Obducties van jongvolwassenen onderzocht

In de periode van januari 2000 tot en met oktober 2022 is er onderzoek gedaan naar de meerwaarde van postmortaal onderzoek bij jongvolwassenen. Voor dit onderzoek zijn volwassenen geïncludeerd in de leeftijd van 18 t/m 45 jaar die na natuurlijk overlijden een klinische obductie hadden ondergaan (in de Isala Klinieken te Zwolle). 
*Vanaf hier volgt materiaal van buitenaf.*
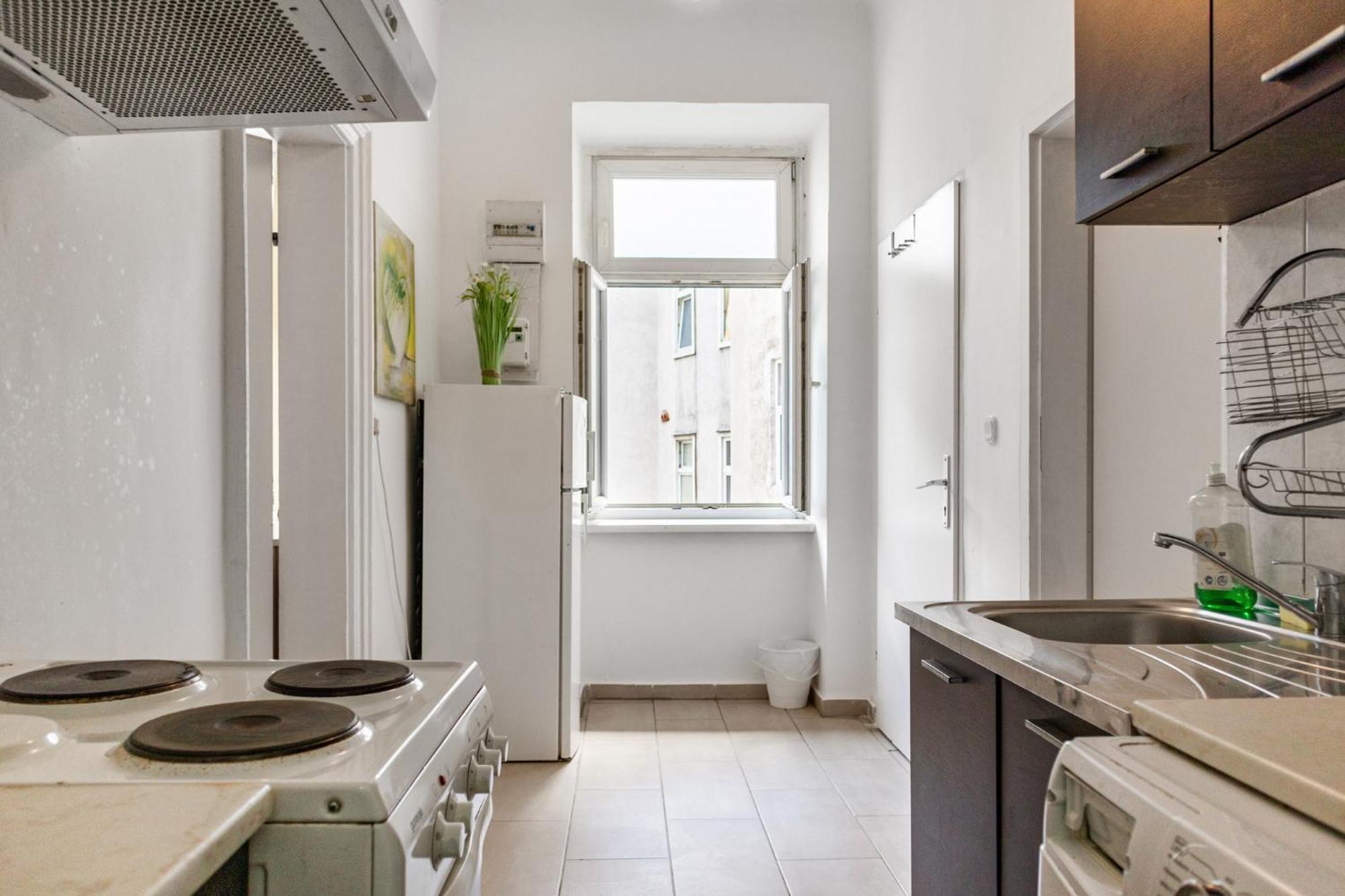 Comfortable 1br In Vienna's Location * Wien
Doel van dit onderzoek was het inzicht krijgen in hoe vaak obducties en andere postmortale onderzoeken worden uitgevoerd en wat de bijdrage van het postmortale onderzoek was op het vaststellen van de doodsoorzaak van jongvolwassenen.

Resultaten

In de onderzoeksperiode zijn 212 obducties uitgevoerd bij natuurlijk overleden personen in de leeftijdscategorie 18-45 jaar. Van deze 212 personen was het overlijden in 54 gevallen (25,5%) verwacht en in 158 gevallen (74,5%) onverwacht. Van 116 overledenen was de doodsoorzaak aanvankelijk onbekend (bij 7 verwachte en 109 onverwachte overlijdensgevallen). Na postmortaal onderzoek daalde dit tot 15 overlijdensgevallen (verwacht: 0; onverwacht: 15) waarvan onbekend is gebleven wat de doodsoorzaak is geweest. Dit betreft een reductie van 54,7% naar 7,1%. Bij 16 (16,7%) van de overige 96 overledenen werd de veronderstelde diagnose of doodsoorzaak gereclassificeerd, omdat de juiste diagnose naar alle waarschijnlijkheid zou hebben geleid tot een verandering in de behandeling.

Conclusie

Het uitvoeren van postmortaal onderzoek draagt bij aan het reduceren van het aantal onbekende doodsoorzaken, zowel bij verwacht als onverwacht overlijden. Daarnaast geeft postmortaal onderzoek meer kennis over ziektebeelden, het verloop daarvan en de daadwerkelijke doodsoorzaak bij jongvolwassenen.